* The input:
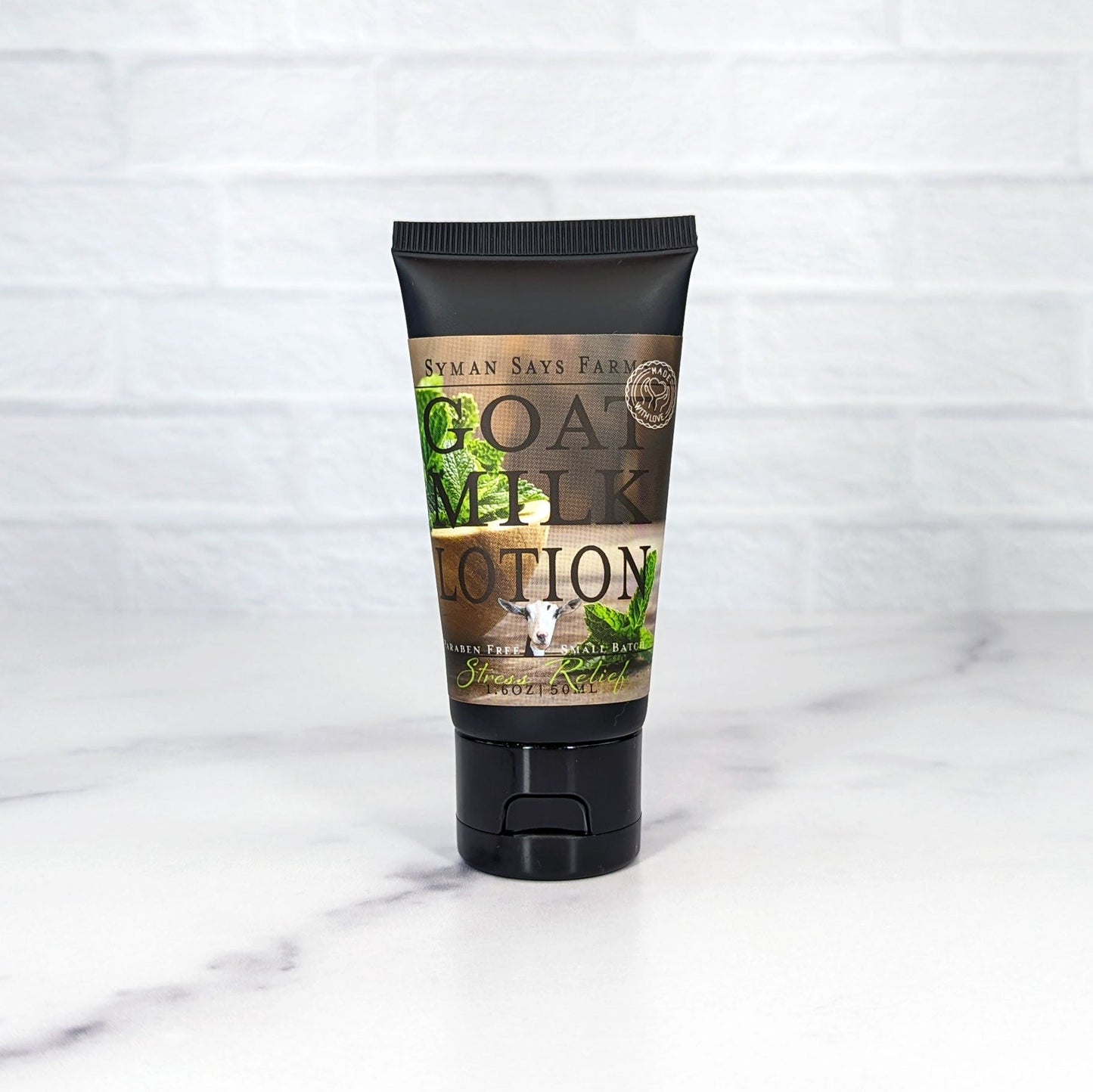 Stress Relief | Goat Milk Lotion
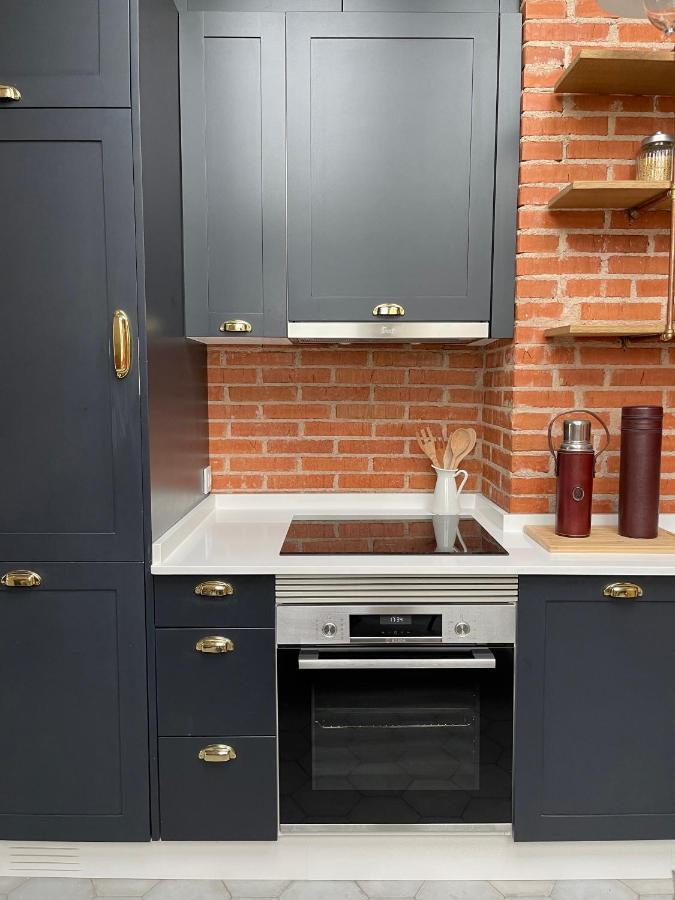 Espectacular Apartamento En El Centro De La Ciudad 아 코루냐 외부 사진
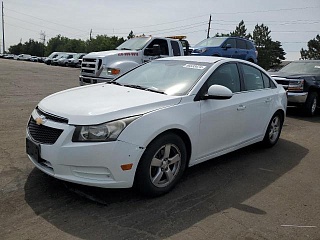 CHEVROLET CRUZE LT 2014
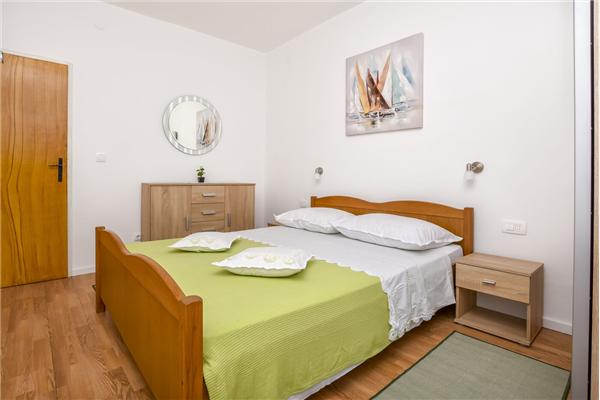 Lägenhet A1, för 5 personer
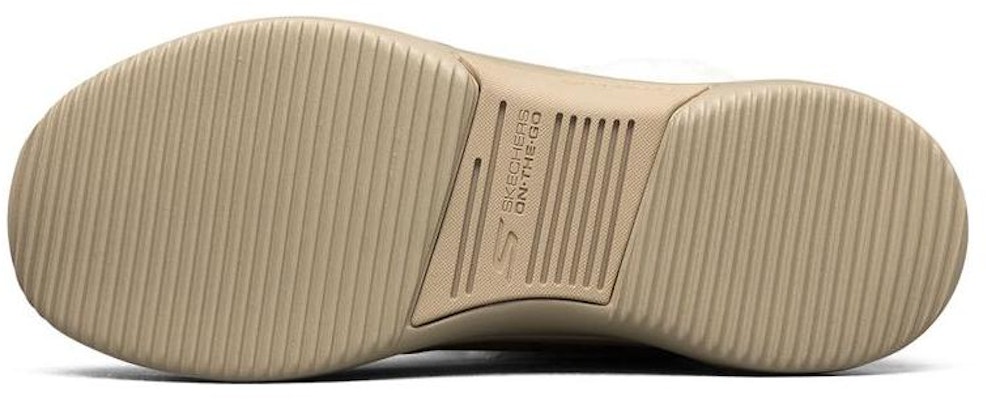 (W) Sepatu Skechers On The Go Midtown 'Khaki' 144255-CSNT Purchase (W) Sepatu Skechers On The Go Midtown 'Khaki' 144255-CSNT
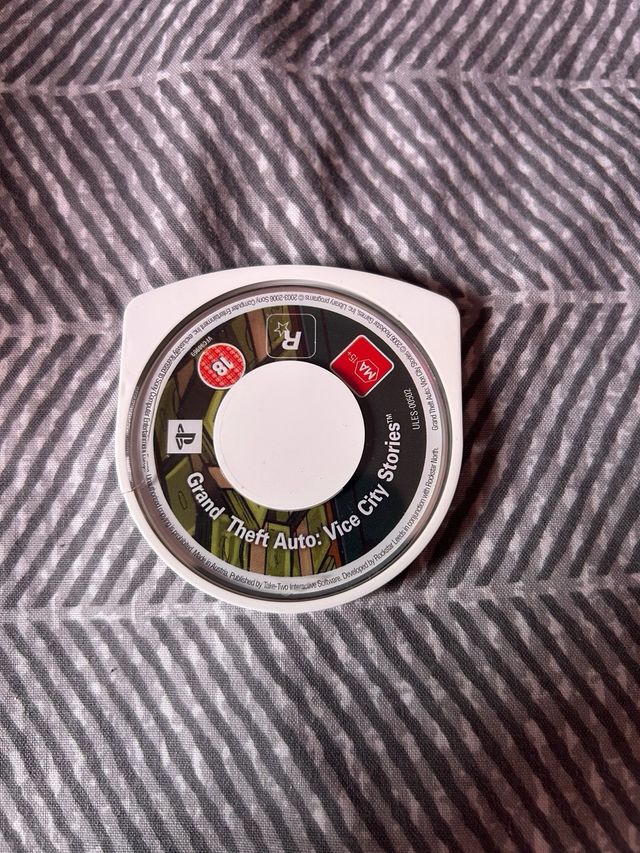 Sony PSP Negra, funciona solo cuando esta cargando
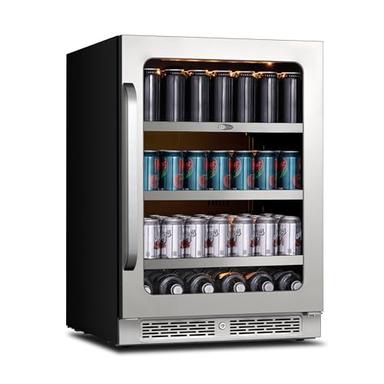 beer refrigerator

* Exercise brief:
The reply should consist only of the lines from the top of the material above through the line with "Sony PSP Negra, funciona", printed exactly, pictures omitted.

* Answer section:
 Stress Relief | Goat Milk Lotion
 Espectacular Apartamento En El Centro De La Ciudad 아 코루냐 외부 사진
 CHEVROLET CRUZE LT 2014
 Lägenhet A1, för 5 personer
 (W) Sepatu Skechers On The Go Midtown 'Khaki' 144255-CSNT Purchase (W) Sepatu Skechers On The Go Midtown 'Khaki' 144255-CSNT
 Sony PSP Negra, funciona solo cuando esta cargando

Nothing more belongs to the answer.